## YOUR TASK
When you reach the line with "Item preview, CHRISTMAS", start repeating the lines exactly and keep going to the end of the records, but drop every picture.

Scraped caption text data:
+--

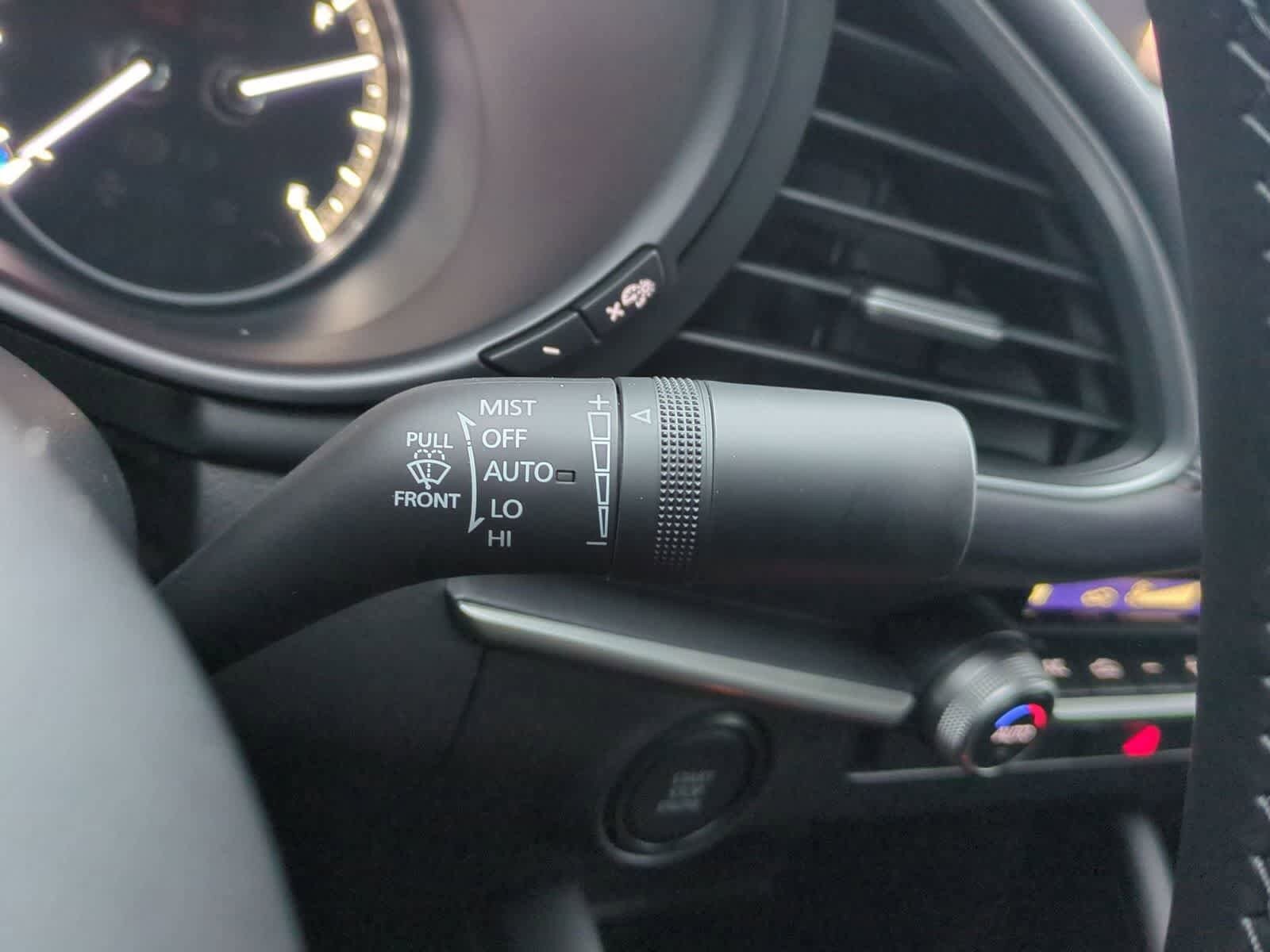 Thumbnail: 2026 Mazda Mazda3 - 26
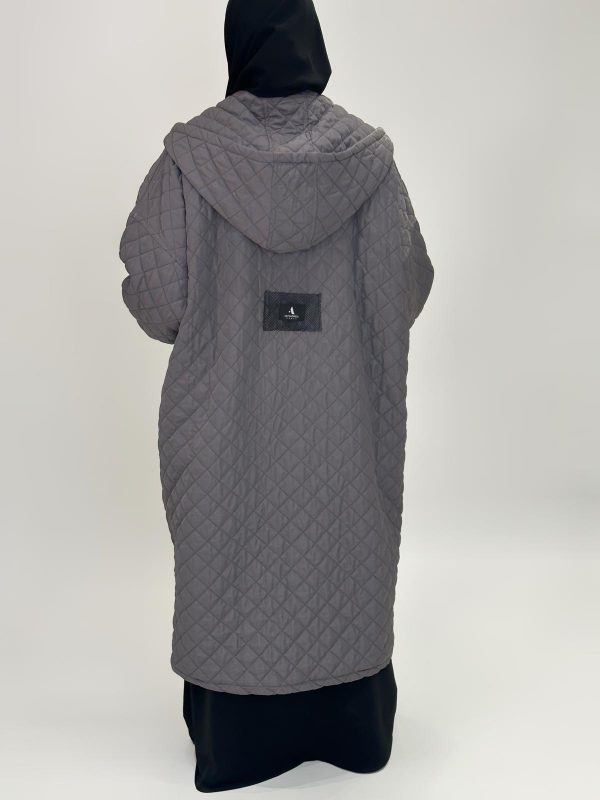 JACKET GRIS – Image 5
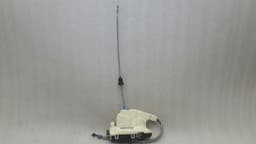 MERCEDES-BENZ Mercedes ML W166 door lock rear right A2047303635 rear right door lock — thumbnail 4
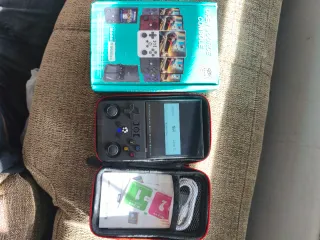 Consola Retro R36S Game Boy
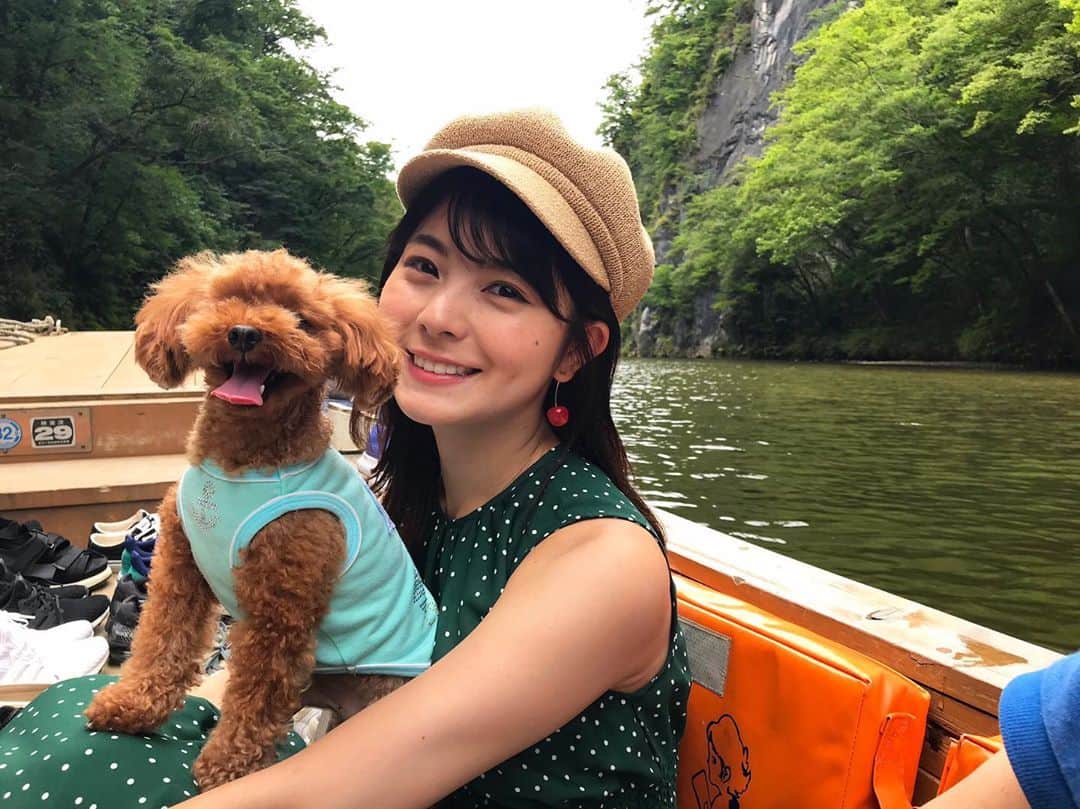 住本結花のグルメインスタ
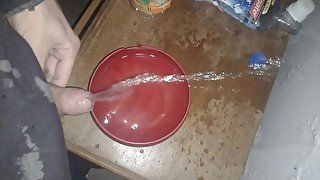 Golden shower is videos of me Pissing like this that i am going to sell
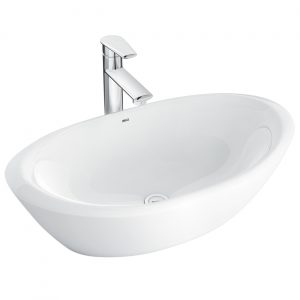 Chậu-rửa-mặt-lavabo-INAX-AL-465V-đặt-bàn-Aqua-Ceramic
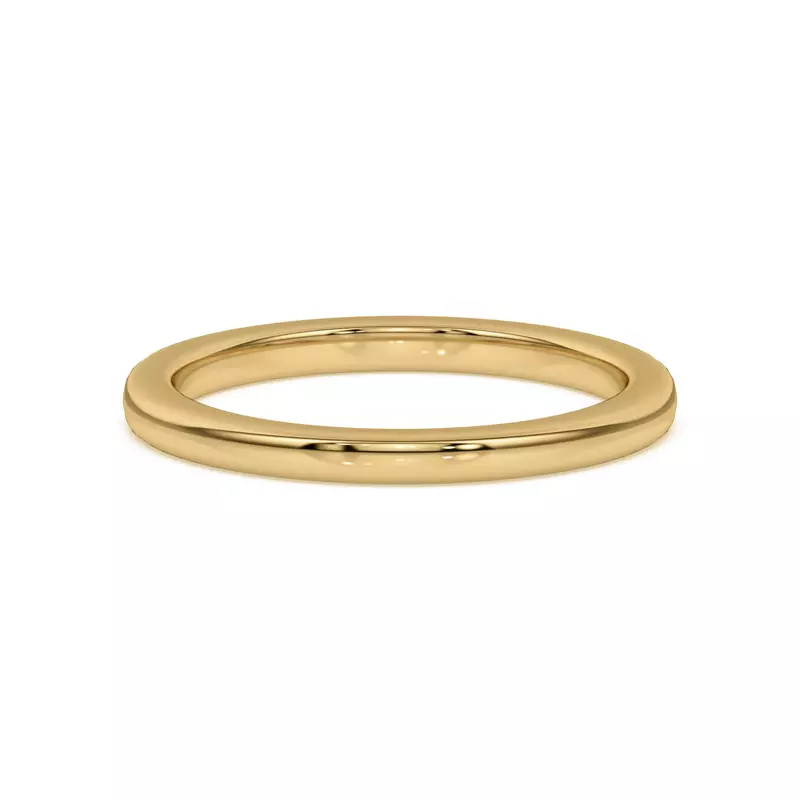 Marigold Classic Band (1.6mm)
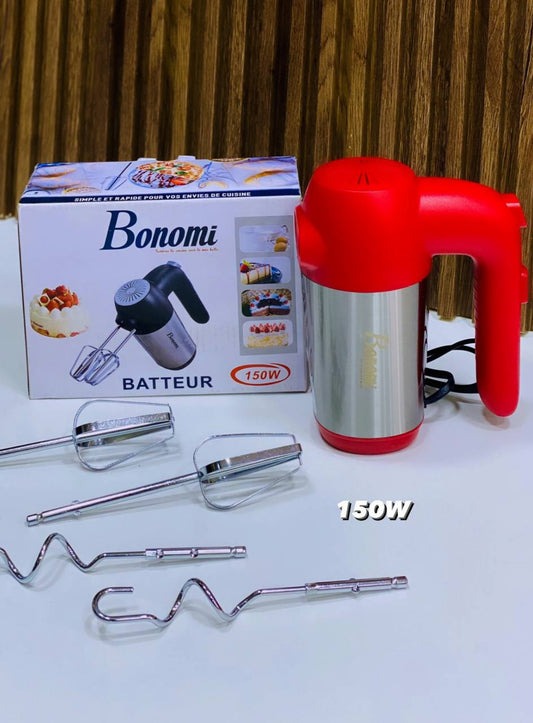 Batteur خلاط 150W BONOMI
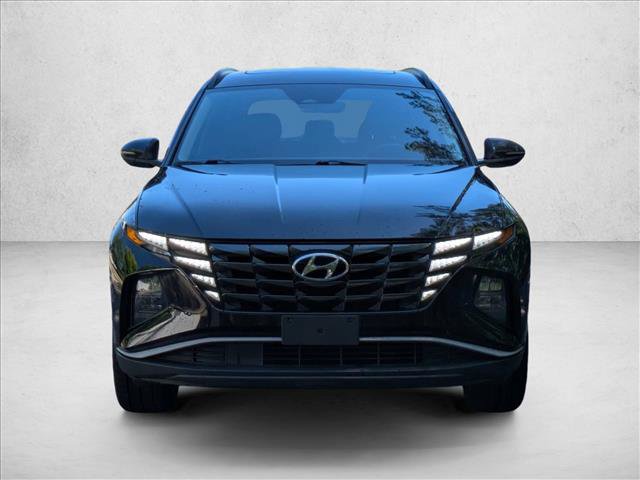 Used 2023 Hyundai Tucson SEL w/ Convenience Package video 2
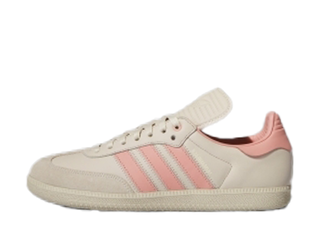 Pharrell Williams × adidas Originals Samba Humanrace "Alumina/Mauve"Alumina/Mauve/Pink 25cm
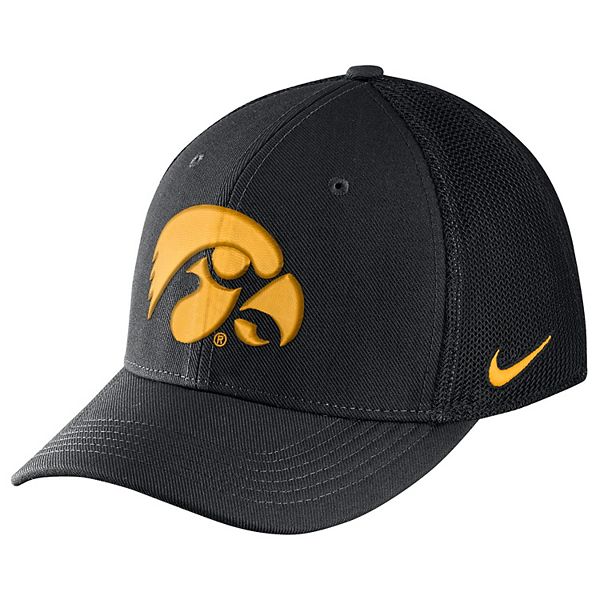 nike hats stretch fit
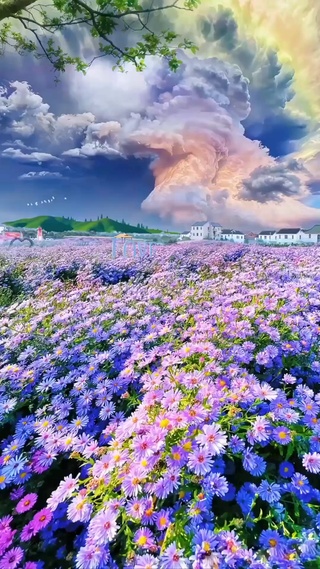 花田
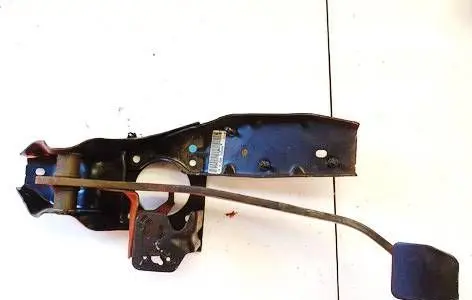 Ford Mondeo MK IV Brake pedal 7G9N2D094NA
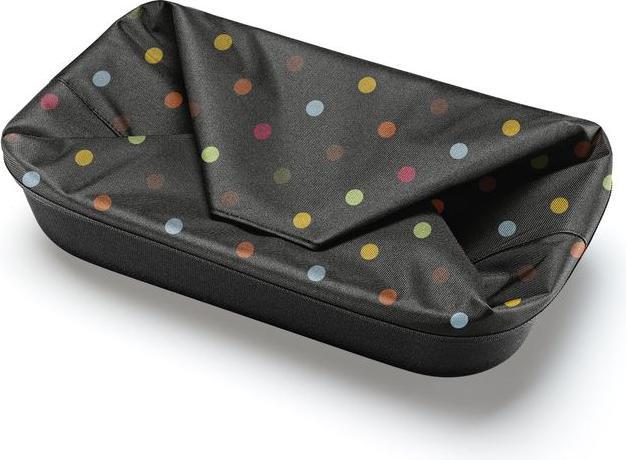 Produktbild reisenthel Tasche Shoppingbasket dots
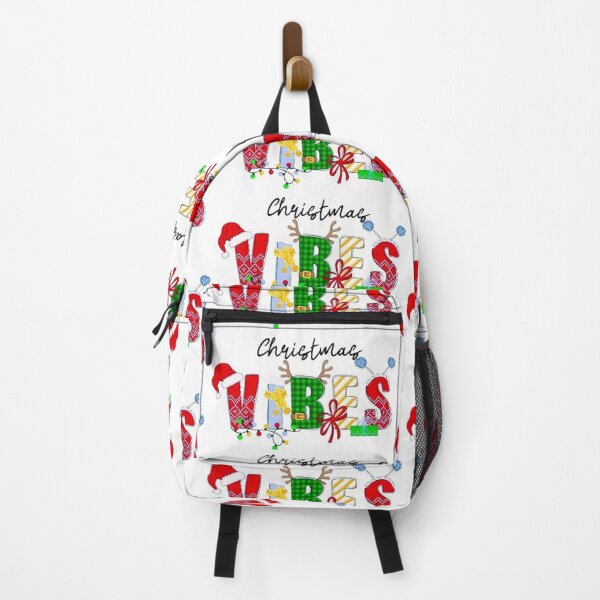 Item preview, CHRISTMAS VIBES designed and sold by Pabhas.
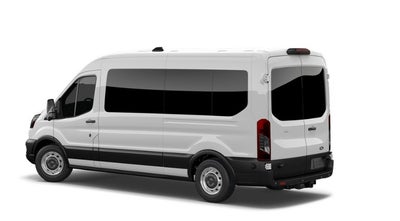 2027 Ford Transit-350 Passenger Van XL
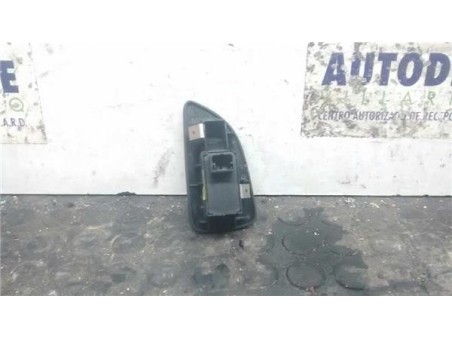 Botonera Puerta Trasera Derecha Fiat BRAVO 1 9 JTD 16V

+--

## FINAL ANSWER
 Item preview, CHRISTMAS VIBES designed and sold by Pabhas.
 2027 Ford Transit-350 Passenger Van XL
 Botonera Puerta Trasera Derecha Fiat BRAVO 1 9 JTD 16V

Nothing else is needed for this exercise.